Hopefully, they’ve had undergraduate research experience. I ask what was the coolest thing you learned from your undergraduate projects?  Why was this especially exciting?  What was the hardest part of the project?  How did you survive the down times? – SB

Did they have an independent undergraduate research project with a faculty adviser (even if they worked with a grad student)?  Are they excited to tell me about it? –RQ

Did they have an opportunity as an undergraduate to write/prepare a presentation of their work (posters/powerpoint/wall art, whatever).  Did they WRITE? –RQ

Another one I like to use: when was the last time you fixed something that was broken? –SB

Did they participate with other students in activities outside of science (and outside of sports, but I’d give them marks for sports, depending on their answer).
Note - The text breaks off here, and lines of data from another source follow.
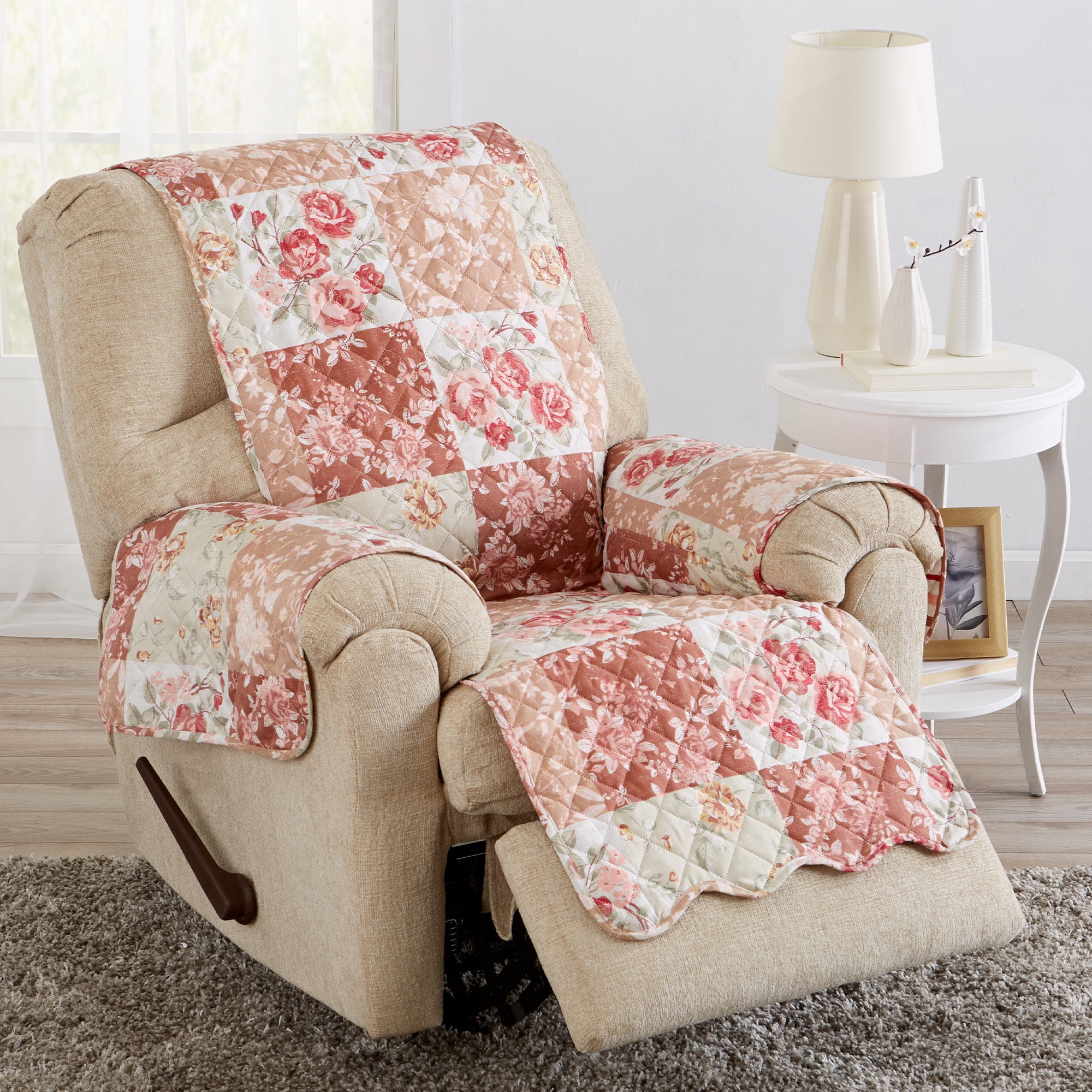 Burgundy and Taupe Floral Patchwork Microfiber Recliner Protector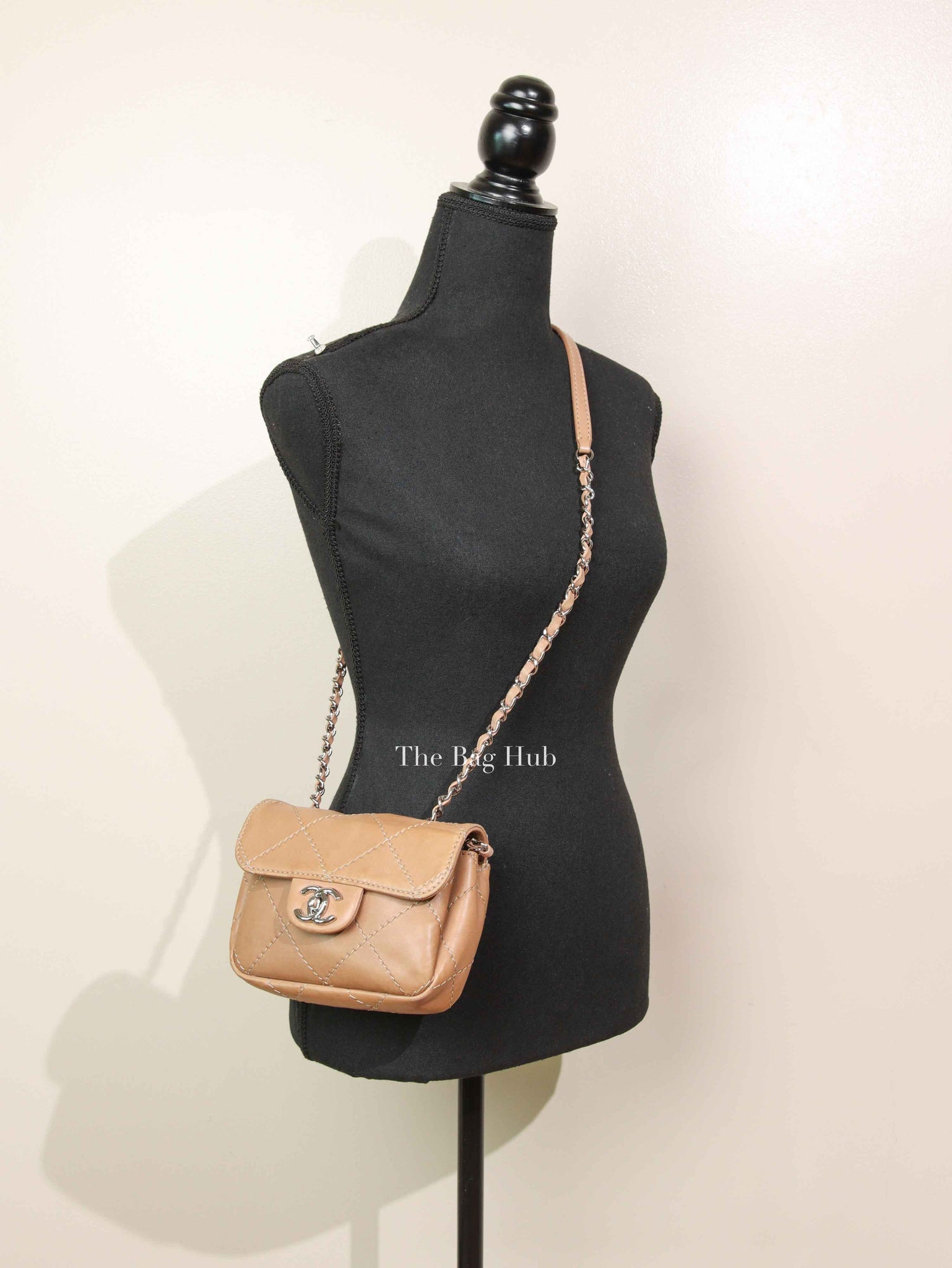 Chanel Beige Lambskin Stitched Mini Flap Bag SHW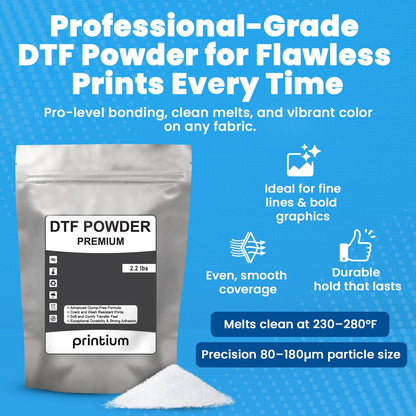 DTF Powder Premium 2.2 lbs (1KG / 35.3 oz) – Hot Melt Adhesive for DTF Heat Transfers – for Thin & Lightweight Fabrics – Soft & Strong Adhesion – Clump-Free Formula – Crack & Wash Resistant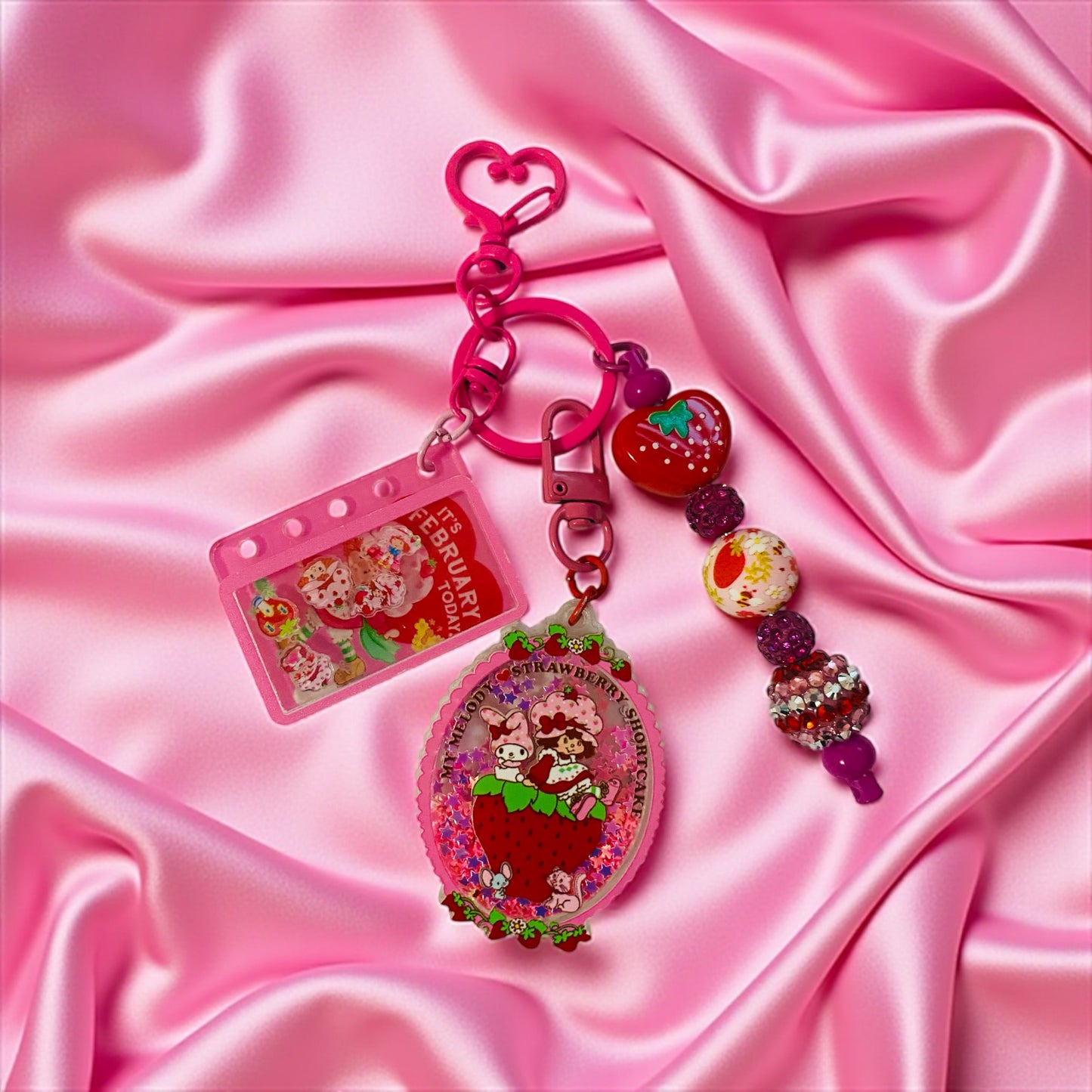 Strawberry Character & friends, strawberry character, Cherry character, Beaded charm key chain, bag charm, friends, Reading, junk journaling, keychain, bookmark, 80s, 90s, vintage era, nostalgia, Besties, best friend, purple, doorables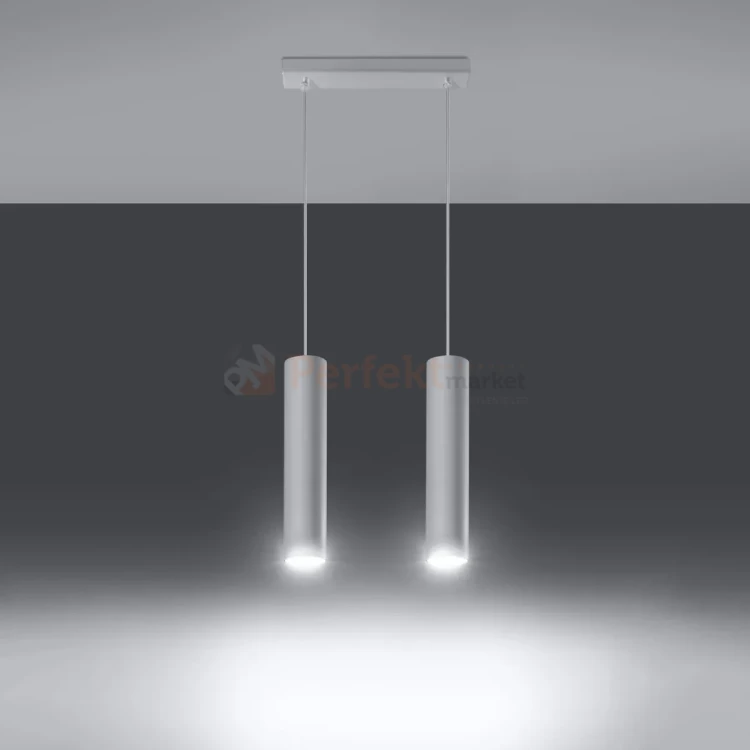 Lampa wisząca designerska tuba Sollux Lagos 2 2xGU10 SL.0324 IP20 - biała 02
I’m looking for people who can work with other people.   Science is a team sport now, but every sport has position players. (well, ok, maybe not bowling…) –RQ

Did they have a paying job while they were in school?   I’m looking for people who are committed to their own improvement, and willing to pay for it with their own hands.  Not essential, but important to me. –RQ

I like to see curiosity.  A good indicator is if the student asks about the research in my lab, and asks questions.  Extra points if they took the time to read one of our papers. – SB

During the interview process, I ask a lot of questions but also expect the student to have questions for me regarding the lab, the program, the university, and/or Rochester. I am a little bit concern if the interviewing student has no questions for me. How can they not have questions about a new situation? - LMS



Tracey Baas | 10/16/2017

You may also like

No related posts found.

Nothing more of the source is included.